Ted Koppel conducted the interviews for CBS. He asked the mayor of Mount Airy about the political sentiments of the visiting tourists, and the mayor diplomatically allowed that the prevailing attitudes in town might lean less towards Biden and more towards Trump. Then Mr. Koppel interviewed some of the tourists on a tour bus, perfect well behaved and law-abiding, middle-class citizens as you might expect. Most of the group said nothing, but a few did express their feelings. Some jumped at the chance. Mr. Koppel asked if they thought the last presidential election had been fair. Two or three people spoke up and said they did not, and one asserted vehemently that there had been “lots of voter fraud”. Mr. Koppel asked about the January 6th. Incident at the capital. Everybody who spoke seemed to think that riot had been somehow excusable especially, one man said, because of all the rioting and burning that takes place “every day” in America. Mr. Koppel asked how they felt about journalists like himself, and a woman stated that the media was seen by her as somehow being enemies of her way of life or words to that effect.

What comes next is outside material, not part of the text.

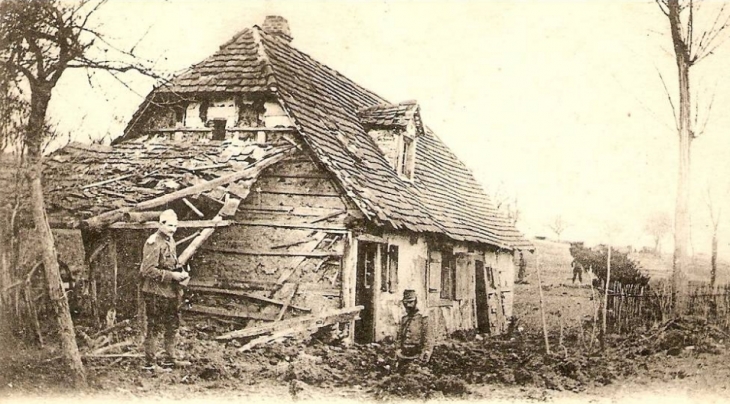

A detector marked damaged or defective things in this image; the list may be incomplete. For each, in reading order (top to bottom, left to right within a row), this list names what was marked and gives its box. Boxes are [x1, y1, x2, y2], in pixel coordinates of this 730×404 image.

It’s always best to take a long view and avoid commenting directly on political figures like Biden or Trump. In that way, we stay clear of the current political theater that has so many good Americans at war with each other, and we may safely leave Donald Trump’s policies to be judged by history. However, his demeanor and its effects on his supporters may fairly be judged by us. Donald Trump’s combative style is unhelpful. His pugilistic personality has been forged in all the financial and legal battles he has faced in the past forty years. If someone sued him, he invariably counter-sued.
We may sympathize with that approach to some extent. It is often ineffective to enable our detractors by simply turning the other cheek. It’s sometimes more effective to give back what you get, kindness for kindness, lawsuit for lawsuit. This is known as the Platinum Rule. But the concept can certainly be overused and overdone. It requires thoughtful and judicious usage.
The problem is that Donald Trump seems to have somehow ingrained the impulse to lash out into all levels of American society, the highest and the lowest, even in situations in which the Golden Rule would work even better and be more effective. In politics and polite society, a more diplomatic and conciliatory approach is often required.
These days, instead of accepting our neighbors for who they are (flaws and all), many people, on both sides of the political spectrum, have taken Donald Trump’s lead too much to heart. They express disdain every time they see the merest hint of anything with which they do not agree. Take, for example, the way many, on both sides of the political spectrum, have weaponized the word “agenda”. Anything they don’t like is demonized as being part of some hypothetically “agenda”.
Proposed: Let’s let everybody have their opinions and cut each other some slack. At the very least, when meeting with a disagreeable person, pick up a fishing pole and walk away whistling the show’s theme song. Or, as a first step, why not get together with our neighbors and watch some Mayberry reruns? Mayberry was a comedy after all.
Here’s an idea. For a really good laugh let’s imagine Donald Trump in Mayberry. He probably would have been civil and considerate of Aunt Bea’s feelings, but just imagine him being stuck there for an extended stay, like for a summer vacation. That would have made a good episode, but at the end of the episode, Donald Trump would have had to learn a few things about humility.
Policies matter.
And the sometimes flawed and overly sensitive reactions to those policies often seem to matter even more these days.